- _Prompt_
Could you restate the data below word for word, without its pictures?

[Task inputs Boundary: Start]

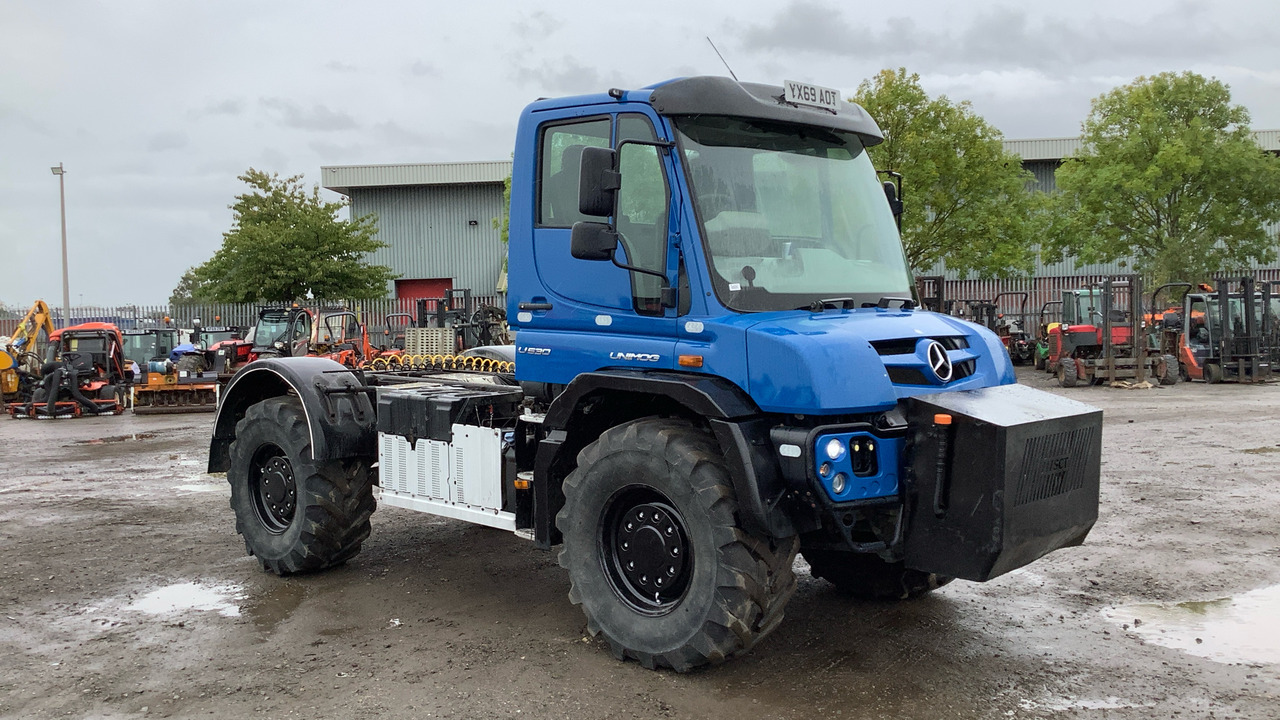 MERCEDES-BENZ UNIMOG U530 - Traktorius: foto 1 MERCEDES-BENZ UNIMOG U530 - Traktorius: foto 1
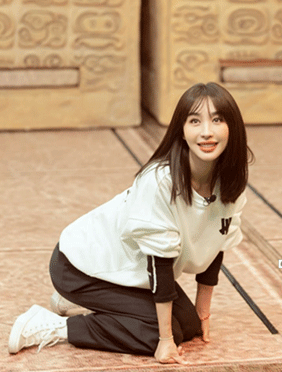 李菲儿《疯狂的麦咭8》有
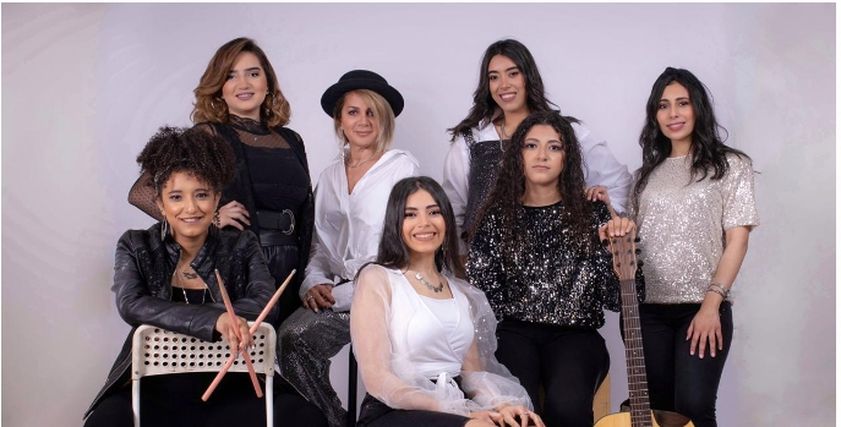 كايروتا أول فريق غنائي من الفتيات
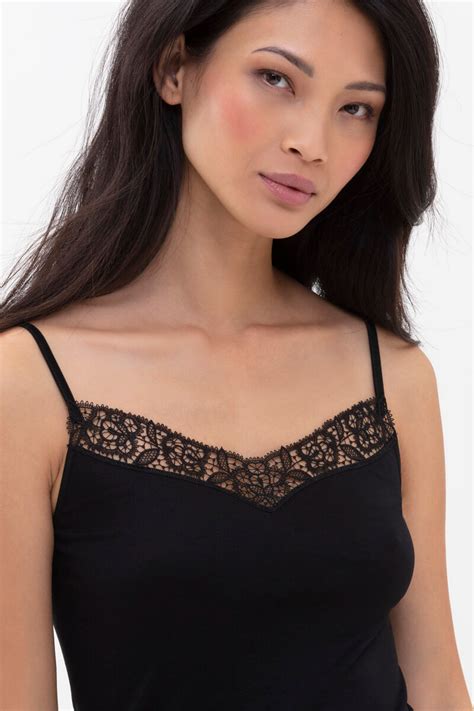 Mey Emotion Elegance blonde undertrøje med spaghetti stropper Hos Lohse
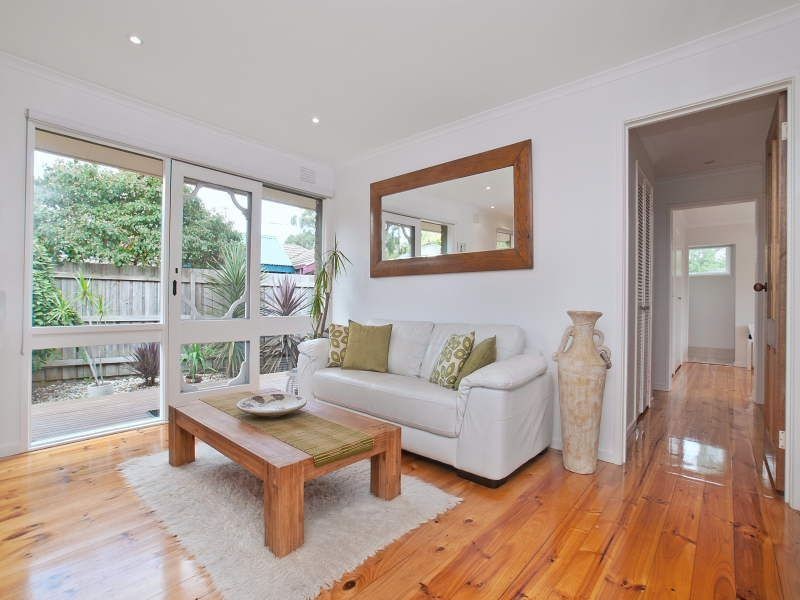 8 Chatswood Ave, Langwarrin VIC 3910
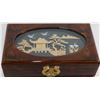 Image 2 : LACQUER FINISHED JEWELLERY BOX W/ CORK CARVING DÉCOR.
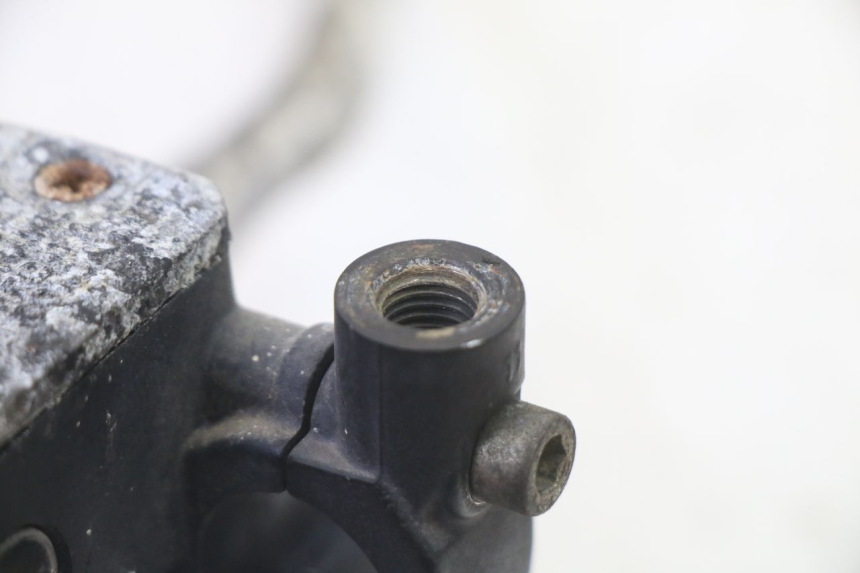 photo de BOMBA FRENO DELANTERO APRILIA ETX 125 (1998 - 2002) - Detalles de los puntos de fijación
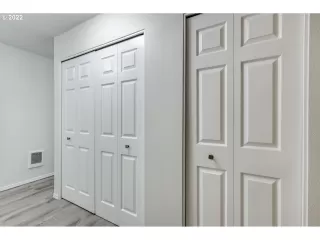 Photo #4: 22325029 Listing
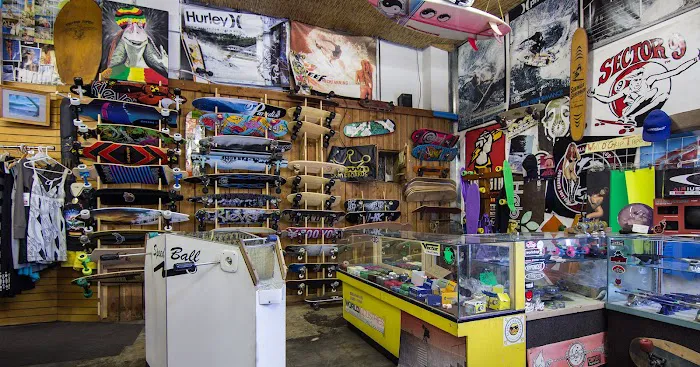 BCSC / Lenny's Surf Shop Picture 9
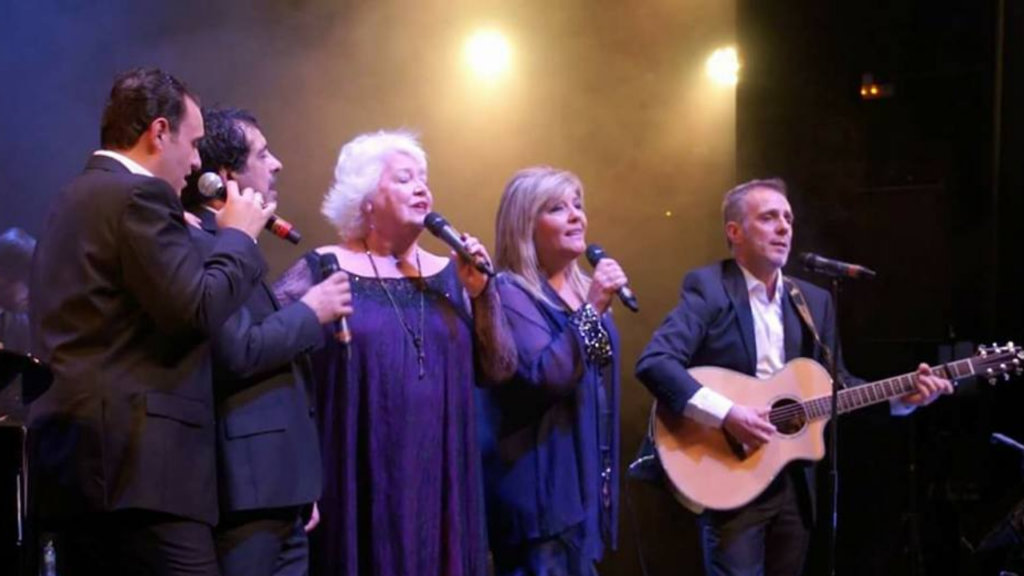 La famosa agrupaci&oacute;n espa&ntilde;ola, Mocedades deleit&oacute; a todos sus fan&aacute;ticos al presentar un inigualable show en uno de los recintos m&aacute;s importantes de la Ciudad de M&eacute;xico.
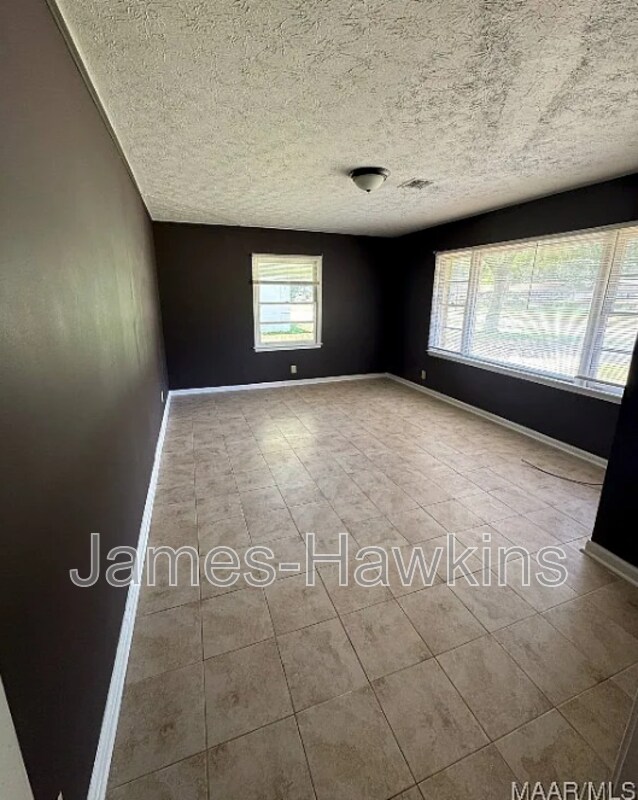 Foto del edificio - 2716 Baldwin Brook Dr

[Task inputs Boundary: End]

- _Exercise output_
 MERCEDES-BENZ UNIMOG U530 - Traktorius: foto 1 MERCEDES-BENZ UNIMOG U530 - Traktorius: foto 1
 李菲儿《疯狂的麦咭8》有
 كايروتا أول فريق غنائي من الفتيات
 Mey Emotion Elegance blonde undertrøje med spaghetti stropper Hos Lohse
 8 Chatswood Ave, Langwarrin VIC 3910
 Image 2 : LACQUER FINISHED JEWELLERY BOX W/ CORK CARVING DÉCOR.
 photo de BOMBA FRENO DELANTERO APRILIA ETX 125 (1998 - 2002) - Detalles de los puntos de fijación
 Photo #4: 22325029 Listing
 BCSC / Lenny's Surf Shop Picture 9
 La famosa agrupaci&oacute;n espa&ntilde;ola, Mocedades deleit&oacute; a todos sus fan&aacute;ticos al presentar un inigualable show en uno de los recintos m&aacute;s importantes de la Ciudad de M&eacute;xico.
 Foto del edificio - 2716 Baldwin Brook Dr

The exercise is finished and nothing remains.